(Bloomberg) -- The UK Labour government’s tax rises reinforce the Bank of England’s gradual approach to easing interest rates, BOE Governor Andrew Bailey said.
Employers could choose to react to the hike in their National Insurance contributions — which lifts the cost of employment — by raising prices charged to consumers, absorbing the costs themselves, reducing the pace of wage rises or by cutting hiring, Bailey said on Tuesday in his annual report to Parliament’s Treasury Select Committee.
“There are different ways in which the increase in employer National Insurance Contributions announced in the Autumn Budget could play out in the economy,” Bailey said. “A gradual approach to removing monetary policy restraint will help us to observe how this plays out, along with other risks to the inflation outlook.”
Bailey’s latest remarks paint a more nuanced picture of the way in which Chancellor of the Exchequer Rachel Reeves’s budget is impacting the UK economy.

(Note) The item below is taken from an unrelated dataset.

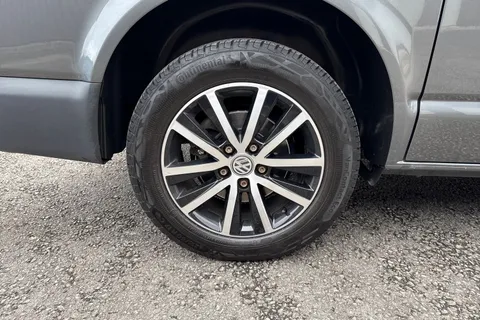 YS22ESY Volkswagen Transporter Shuttle 2.0 TDI 110PS S Minibus Thumbnail #12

The budget complicates an already uncertain economic picture for the UK, where inflation is expected to climb back above the bank’s 2% target when new figures are published on Wednesday. A potential revival of trade protectionism after Donald Trump’s return to the White House, geopolitical risks and sticky services inflation are other factors feeding into the BOE’s course of action.
Bailey was among four members of the Monetary Policy Committee testifying before the Commons panel on Tuesday. Speaking to the committee, Bailey warned against greater fragmentation in the world economy, even as he declined to comment on the potential effects from US tariffs.
A self-described “dyed in the wool free trader,” he urged the UK to maintain an “active dialogue” on trade policies with both the future Trump administration — which has threatened to slap 10-20% tariffs on goods imports, and the European Union — the largest market for UK exports.
“I find it hard to understand people who seem to say that we should implement Brexit in the most hostile fashion possible,” Bailey said. “Having a relationship with the European Union is the better way to do it.”
Speaking alongside Bailey were colleagues including Alan Taylor, making his first public remarks since joining the policy committee in September, together with Deputy Governor Clare Lombardelli and external member Catherine Mann, the sole voter who wanted no change in borrowing costs this month.
Gradualism
While Bailey and Lombardelli strengthened the case for gradualism, Taylor suggested the possibility of a more aggressive approach which would entail easing at consecutive meetings. At the other end of the spectrum was the “activism” espoused by Mann, who pledged to hold out until there was clear evidence that price pressures had been subdued and then cut aggressively.
“If conditions are weaker, and my own views skew to the downside risk now versus the upside risk of about a year ago, then we could go faster,” Taylor said. Taylor said he was focused on the labor market, which risk dislocation as a result of the national insurance rise.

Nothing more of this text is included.